Verification, The Key to AI

by Rich Sutton

November 15, 2001

It is a bit unseemly for an AI researcher to claim to have a special insight or plan for how his field should proceed. If he has such, why doesn't he just pursue it and, if he is right, exhibit its special fruits? Without denying that, there is still a role for assessing and analyzing the field as a whole, for diagnosing the ills that repeatedly plague it, and to suggest general solutions.

The insight that I would claim to have is that the key to a successful AI is that it can tell for itself whether or not it is working correctly. At one level this is a pragmatic issue. If the AI can't tell for itself whether it is working properly, then some person has to make that assessment and make any necessary modifications. An AI that can assess itself may be able to make the modifications itself.

The Verification Principle:

An AI system can create and maintain knowledge only to the extent that it can verify that knowledge itself.

Successful verification occurs in all search-based AI systems, such as planners, game-players, even genetic algorithms. Deep Blue, for example, produces a score for each of its possible moves through an extensive search. Its belief that a particular move is a good one is verified by the search tree that shows its inevitable production of a good position. These systems don't have to be told what choices to make; they can tell for themselves. Image trying to program a chess machine by telling it what kinds of moves to make in each kind of position. Many early chess programs were constructed in this way. The problem, of course, was that there were many different kinds of chess positions. And the more advice and rules for move selection given by programmers, the more complex the system became and the more unexpected interactions there were between rules. The programs became brittle and unreliable, requiring constant maintainence, and before long this whole approach lost out to the "brute force" searchers.

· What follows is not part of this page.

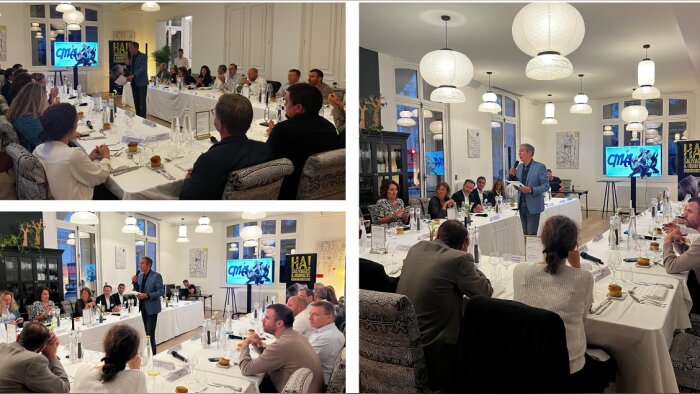 Club managers achats : mieux piloter ses prestations intellectuelles pour gagner en performance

Although search-based planners verify at the move selection level, they typically cannot verify at other levels. For example, they often take their state-evaluation scoring function as given. Even Deep Blue cannot search to the end of the game and relies on a human-tuned position-scoring function that it does not assess on its own. A major strength of the champion backgammon program, TD-Gammon, is that it does assess and improve its own scoring function.

Another important level at which search-based planners are almost never subject to verification is that which specifies the outcomes of the moves, actions, or operators. In games such as chess with a limited number of legal moves we can easily imagine programming in the consequences of all of them accurately. But if we imagine planning in a broader AI context, then many of the allowed actions will not have their outcomes completely known. If I take the bagel to Leslie's office, will she be there? How long will it take to drive to work? Will I finish this report today? So many of the decisions we take every day have uncertain and changing effects. Nevertheless, modern AI systems almost never take this into account. They assume that all the action models will be entered accurately by hand, even though these may be most of the knowledge in or ever produced by the system.

Finally, let us make the same point about knowledge in general. Consider any AI system and the knowledge that it has. It may be an expert system or a large database like CYC. Or it may be a robot with knowledge of a building's layout, or knowledge about how to react in various situations. In all these cases we can ask if the AI system can verify its own knowledge, or whether it requires people to intervene to detect errors and unforeseen interactions, and make corrections. As long as the latter is the case we will never be able to build really large knowledge systems. They will always be brittle and unreliable, and limited in size to what people can monitor and understand themselves.

"Never program anything bigger than your head"

And yet it is overwhelmingly the case that today's AI systems are not able to verify their own knowledge. Large ontologies and knowledge bases are built that are totally reliant on human construction and maintenance. "Birds have wings" they say, but of course they have no way of verifying this.